My proposition would be to have the iterator only return the next line, no processing at all – this is exactly what it should be doing.
public class FileLineIterator implements Iterator<String> { private final BufferedReader reader; private String line; public FileLineIterator(InputStream inputStream) { this.reader = new BufferedReader(new InputStreamReader(inputStream)); this.setLine(); } private void setLine() { try { this.line = this.reader.readLine(); } catch (IOException exc) { //handle however you need throw new RuntimeException("Error reading", exc); } } @Override public boolean hasNext() { return this.line != null; } @Override public String next() { String line = this.line; this.setLine(); return line; } }
Then create an abstraction, which will prepare data for handling:
public interface DataPreparer { boolean hasMoreData(); DataHandler prepareData(); }
Like this you can have implementations to prepare data in batches(your case), or line by line, or all at once, however you need.
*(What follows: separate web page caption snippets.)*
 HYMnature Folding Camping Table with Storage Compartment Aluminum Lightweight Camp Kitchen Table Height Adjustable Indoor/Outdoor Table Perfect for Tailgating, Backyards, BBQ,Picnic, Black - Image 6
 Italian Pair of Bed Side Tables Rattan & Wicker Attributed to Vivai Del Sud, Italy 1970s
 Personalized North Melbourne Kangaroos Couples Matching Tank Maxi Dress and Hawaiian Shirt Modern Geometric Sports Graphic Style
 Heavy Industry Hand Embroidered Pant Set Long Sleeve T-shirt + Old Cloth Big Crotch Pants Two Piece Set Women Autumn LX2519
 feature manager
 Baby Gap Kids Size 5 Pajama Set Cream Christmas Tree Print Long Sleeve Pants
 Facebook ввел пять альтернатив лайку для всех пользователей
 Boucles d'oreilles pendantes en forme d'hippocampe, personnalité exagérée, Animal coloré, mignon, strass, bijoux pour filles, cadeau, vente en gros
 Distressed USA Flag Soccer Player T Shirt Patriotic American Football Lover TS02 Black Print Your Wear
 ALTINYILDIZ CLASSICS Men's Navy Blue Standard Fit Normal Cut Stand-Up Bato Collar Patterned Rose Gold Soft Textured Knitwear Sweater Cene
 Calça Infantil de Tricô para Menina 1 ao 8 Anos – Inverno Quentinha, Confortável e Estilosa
Exact implementation for batches may be:
public class BatchDataPreparer implements DataPreparer { private final Iterator<String> iterator; private final int batchSize; public BatchDataPreparer(Iterator<String> iterator, int batchSize) { this.iterator = iterator; this.batchSize = batchSize; } @Override public boolean hasMoreData() { return this.iterator.hasNext(); } @Override public DataHandler prepareData() { Map<String, String> data = new LinkedHashMap<>(this.batchSize); while (this.iterator.hasNext()) { String line = this.iterator.next(); //parse in whatever way you need String[] parsed = line.split("\s+"); data.put(parsed[0] + " - " + parsed[1], parsed[2]); if (data.size() == this.batchSize) { break; } } return new SimpleDataHandler(data); } }
Data parsing should be done separately(you can create abstraction for this as well), but for this example i won’t to do it.
The DataHandler
interface from above:
public interface DataHandler { void handleData(); }
And simple implementation:
public class SimpleDataHandler implements DataHandler { private final Map<String, String> data; public SimpleDataHandler(Map<String, String> data) { this.data = data; } @Override public void handleData() { //handle however you need System.out.println(this.data); this.data.clear(); } }
And combining all into one:
public class Temp { public static void main(String[] args) { int maxDataCount = 3; System.out.println("------------------------Concern Separation Result-------------------------------"); Iterator<String> iterator = new FileLineIterator(InputStream); DataPreparer dataPreparer = new BatchDataPreparer(iterator, maxDataCount); while (dataPreparer.hasMoreData()) { DataHandler dataHandler = dataPreparer.prepareData(); dataHandler.handleData(); } System.out.println("------------------------Counting Iterator Result--------------------------------"); System.out.println("------------------------Just to test it works-----------------------------------"); Iterator<Iterable<String>> anotherIterator = new CountingFileLineIterator(InputStream, maxDataCount); while (anotherIterator.hasNext()) { Iterable<String> lines = anotherIterator.next(); //some handling System.out.println(lines); } } }
- Your main(or however your program is structured) does not care how data is prepared,
DataPreparer
implementations are concerned about that - Neither preparer, nor main, are concerned how data is handled, only
DataHandler
is - It’s easy to change behaviour, fix bugs and not break something else, extend functionality, etc.